HOW TO COMPLETE THIS TASK — Leaving out all pictures, transcribe the lines below exactly, from the first through the line containing "Bàn tròn decor".

SUPPLIED INFORMATION —
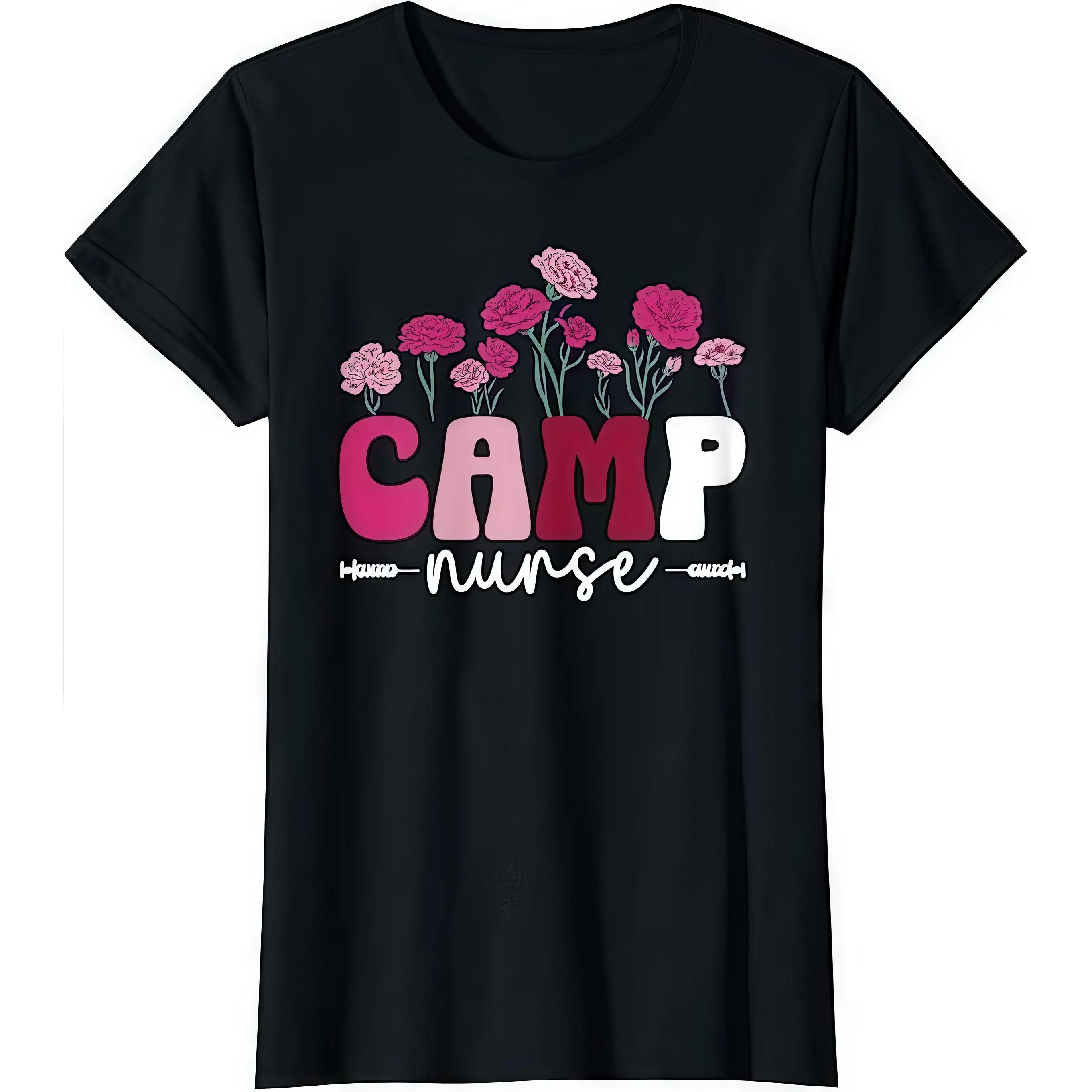 

Women's Camp Nurse T-Shirt Cute Flower Print Nurse Appreciation Gift Registered Nurse Graphic Tee Summer Camp Top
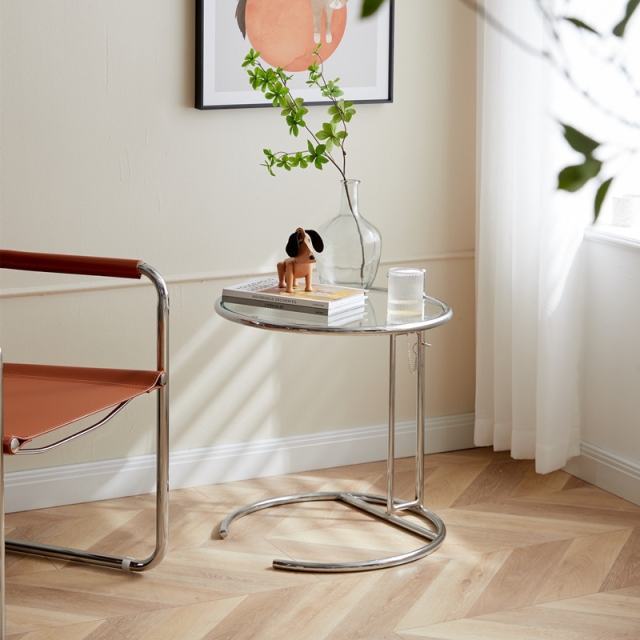 Bàn tròn decor trong suốt phong cách Hàn Quốc có điều chỉnh độ cao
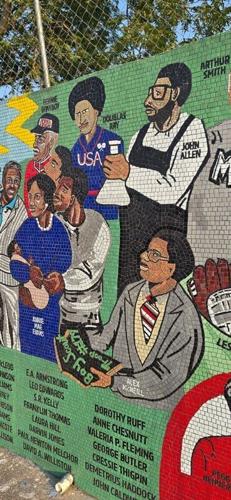 The Wall of Honor on Murchison Road and Langdon Street has been redone in mosaic tile, a joint project of the city of Fayetteville and the Umoja Group. The mural honors Black history and generations of leaders in the area of E.E. Smith High School and F...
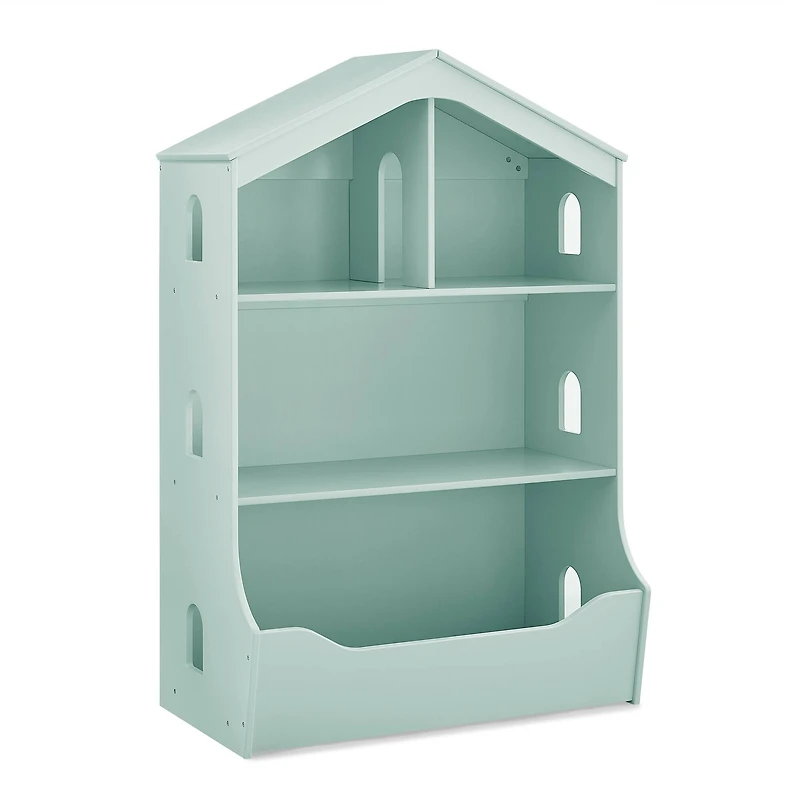 Delta Children Mint Playhouse Bookcase with Toy Storage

EXERCISE RESPONSE —
Women's Camp Nurse T-Shirt Cute Flower Print Nurse Appreciation Gift Registered Nurse Graphic Tee Summer Camp Top
 Bàn tròn decor trong suốt phong cách Hàn Quốc có điều chỉnh độ cao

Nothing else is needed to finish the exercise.